• DATA EXCERPT:
● ● ● ● ●

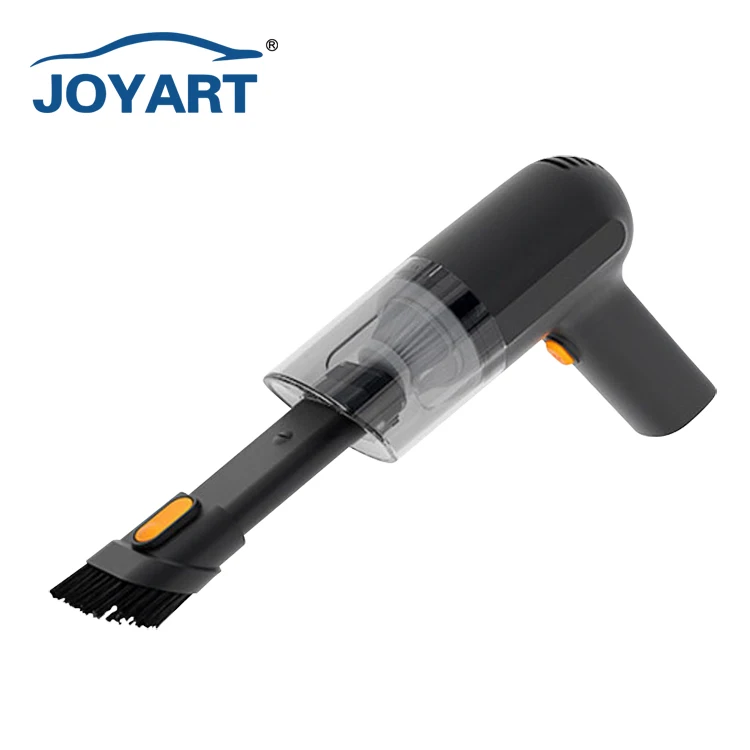 Беспроводной портативный пылесос для сухой и влажной уборки с зарядкой от USB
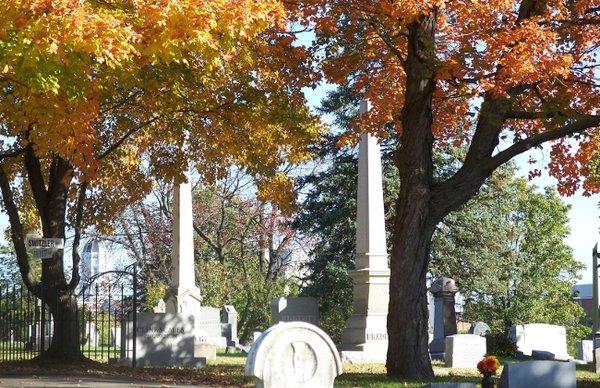 Fall in Columbia Cemetery
30 E Broadway, Columbia, MO 65203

● ● ● ● ●

• EXERCISE GOAL:
The copy should hold, exactly, the lines from the one containing "Fall in Columbia Cemetery" to the final line of the listing above, with both ends present and no pictures.

• ANSWER AREA:
 Fall in Columbia Cemetery
30 E Broadway, Columbia, MO 65203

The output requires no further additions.